19 DE ABRIL DE 1963 2357
Portanto, os perigos estão no próprio sistema, e não nos homens, que, quando muito, se vêem transformados em agentes desse perigo, por força das inibições que provoca. Julgo ter-me feito compreender. Assim venho falando, às vezes um tanto aberto e menos atento à discrição, para não obscurecer a expressão.
Sr. Presidente: o nosso problema de África é mais de natureza social, de relações humanas, do que problema político. E derivado da agitação provocada por determinados sectores das populações autóctones para emergirem da situação marginal para que foram arremessados por um sistema de administração ultramarina constituído contra a nossa mais pura tradição e pela própria sociedade a que ele deu origem e que, por ironia das coisas, assenta numa organização económica que tenta manter-se e subsistir apoiada nessas mesmas populações.
A responsabilidade de ter sido transformado em problema político cabe, absolutamente, a todos quantos pretendem disfarçar o verdadeiro sentido das inquietações humanas na África Portuguesa para não perderem posições ou não deixarem de ganhar menos.
Isto, por um lado, acrescido, por outro lado, da mistificação de factos intencionalmente feita para encobrir erros e desvios.

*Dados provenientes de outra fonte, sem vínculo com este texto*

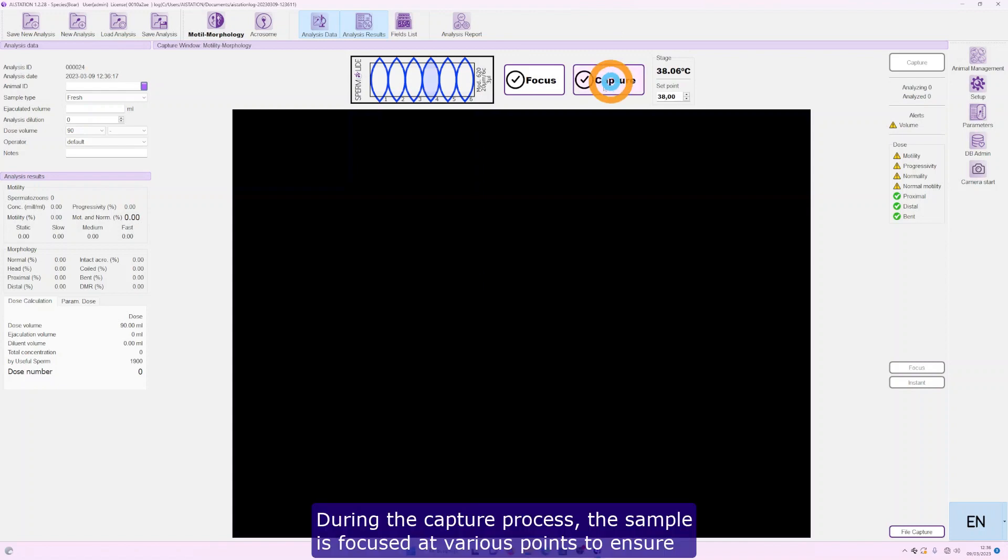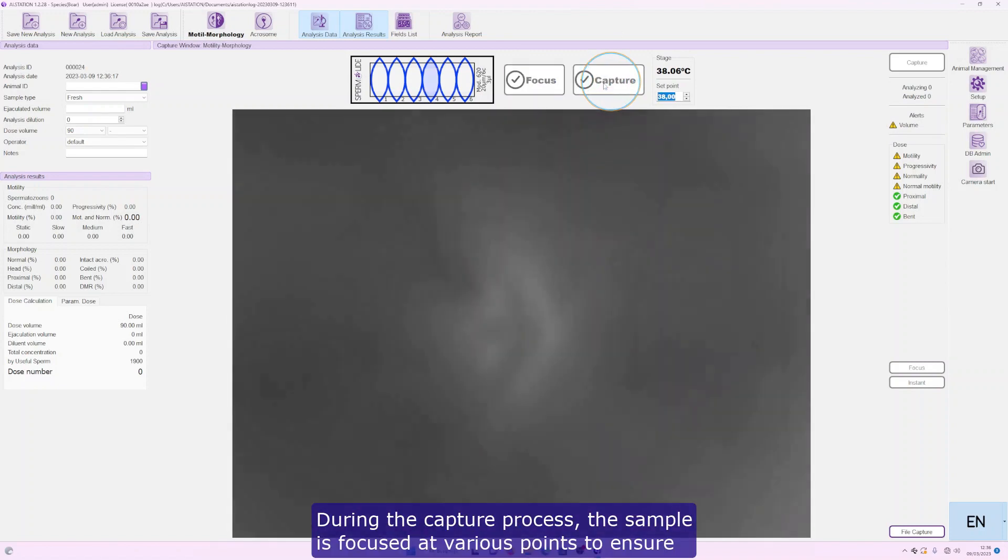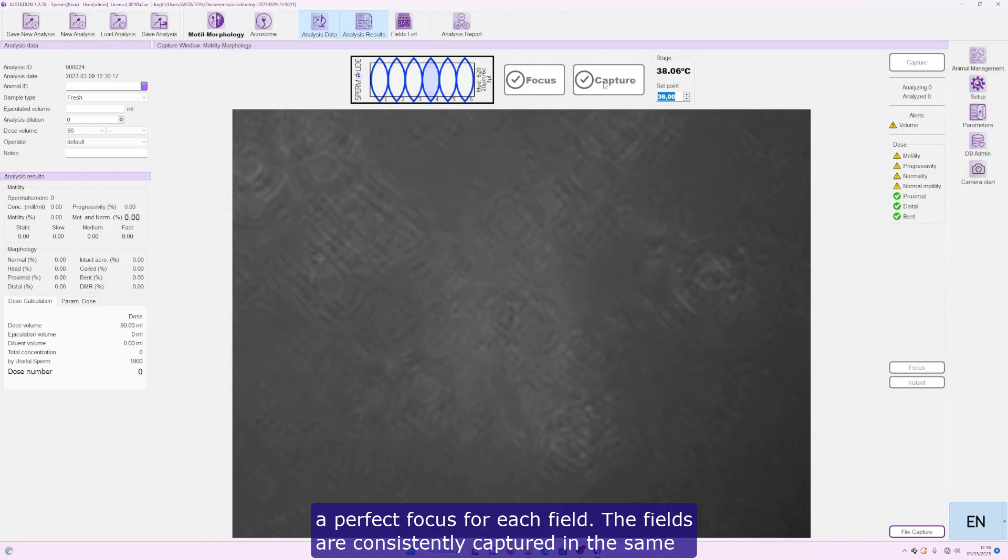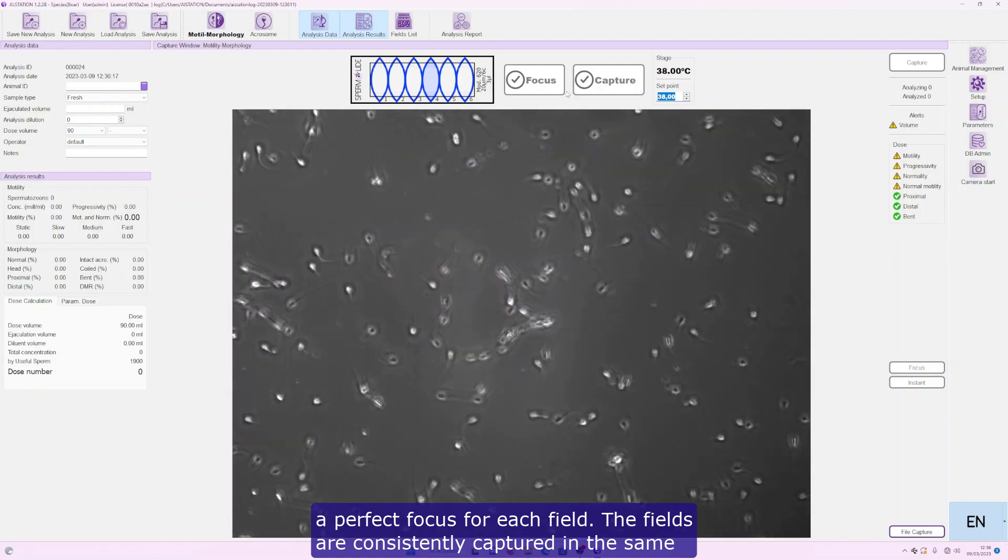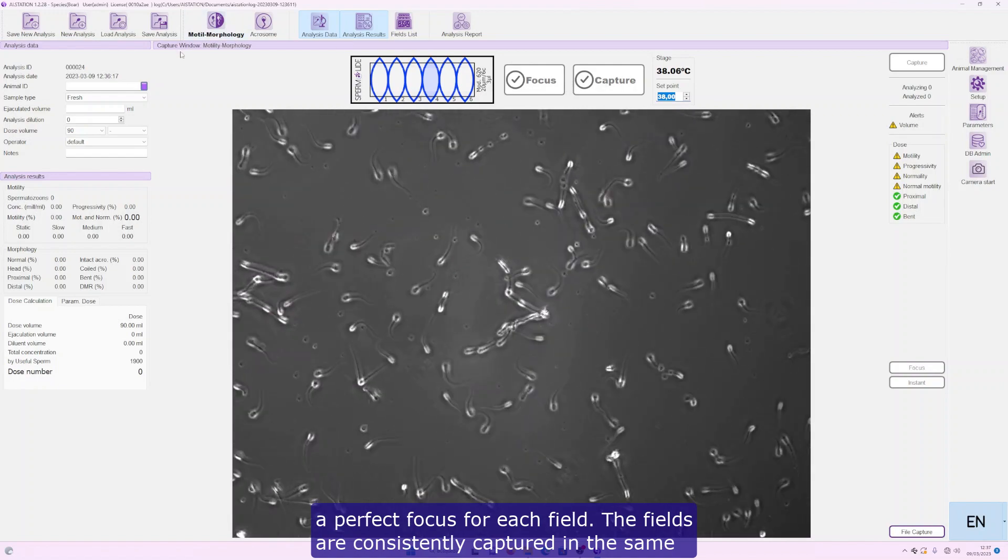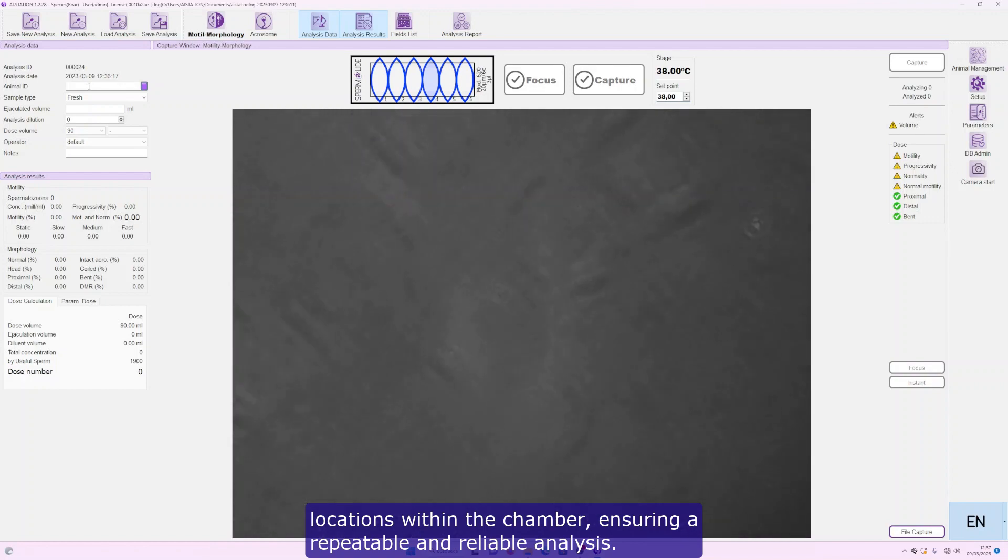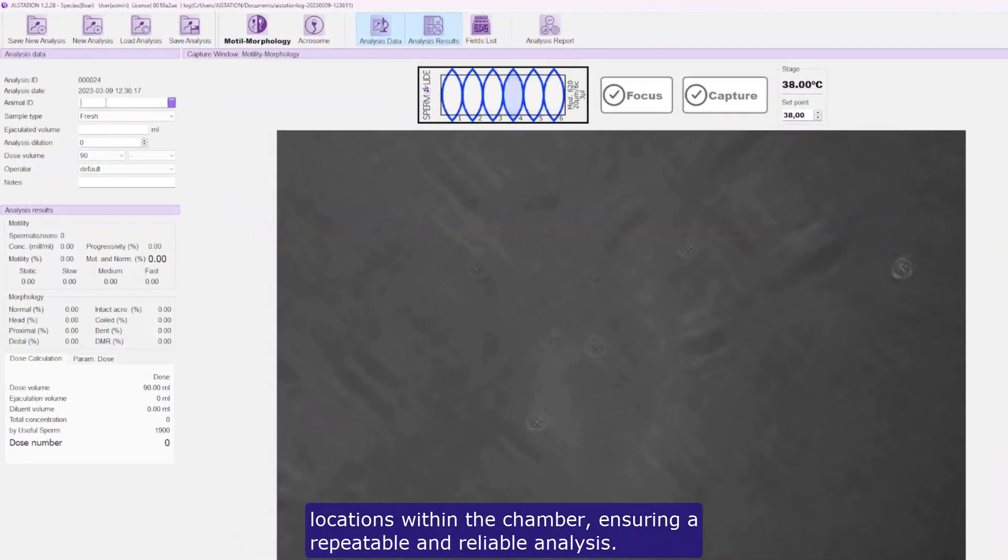During the capture process, the sample is focused at various points to ensure a perfect focus for each field. The fields are consistently captured in the same locations within the chamber, ensuring a repeatable and reliable analysis.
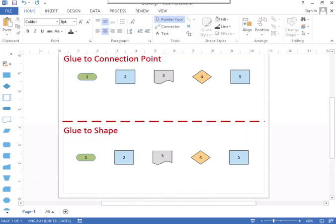This video I'm going to share with you the differences between Visio's gluing shapes versus the connecting points. So let me go ahead and get started here.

E, quando se parte de dados errados, fatalmente que a solução achada há-de ser inadequada, infrutífera e, provavelmente, de resultados contrários aos ambicionados.
Fala-se muito em que, se soubermos manter-nos coesos, sairemos airosamente desta provação. Também eu creio firmemente nisso. Mas seja-me permitida a pergunta: será certo que, votando nós o projecto de alterações à Lei Orgânica do Ultramar, vamos contribuir para o fortalecimento dessa coesão que todos desejamos? Mas eu só vejo nele inscritas disposições que só servirão para cavar a desunião.
Não podemos tirar conclusão diferente se atentarmos no processo de constituição dos conselhos legislativos. Querem melhor fonte de desunião? Podem responder-me que os estatutos político-administrativos definirão o sistema de recrutamento em termos de prevenirem agitações muito próprias dos períodos eleitorais. Receio que, com carga que está reservada aos estatutos privativos de cada província, eles não se aguentem no jogo de tantos interesses.
Há princípios que deviam ficar expressos, definidos na própria Lei Orgânica, para que os estatutos privativos os traduzam ou interpretem fielmente na pormenorização, visto que as formas vagas se prestam a várias interpretações, de que pode ser escolhida a menos conveniente aos interesses do País e da província, muito embora nos dê aparência de coisa diferente.
Vozes: - Muito bem, muito bem!
O Orador: - Mas o que se torna essencialmente necessário às populações do ultramar é um regimento ou regulamento que defina o comportamento dos indivíduos entre si, os seus direitos e deveres dentro da organização social e as competências dos agentes do Poder em todos os graus.
Impõe-se restabelecer, notem bem, restabelecer, porque já tivemos essas regras, com se pode depreender da leitura que fiz daquele texto de 1739, aquilo a que se pode chamar a funcionalidade recíproca entre a evolução da mentalidade do homem negro e o comportamento do homem branco na busca de condições de vida e relações sociais.
Qualquer oscilação que conduza a um acentuado desequilíbrio resulta em consequências catastróficas, como já ficou exuberantemente provado. E é por completo desconhecimento desta regra fundamental do convívio social em África que, no passado, foi a fonte viva donde brotava a força e progresso daquelas incipientes sociedades e que inspirava os governantes nas providências de interesse local, que continua de pé esta pergunta, ainda hoje sem resposta: qual a razão por que, quanto mais aumenta o número de imigrantes em Angola, mais se agravam as relações entre nativos e metropolitanos e as condições de vida daqueles? E de muito alta importância uma conscienciosa meditação sobre este facto.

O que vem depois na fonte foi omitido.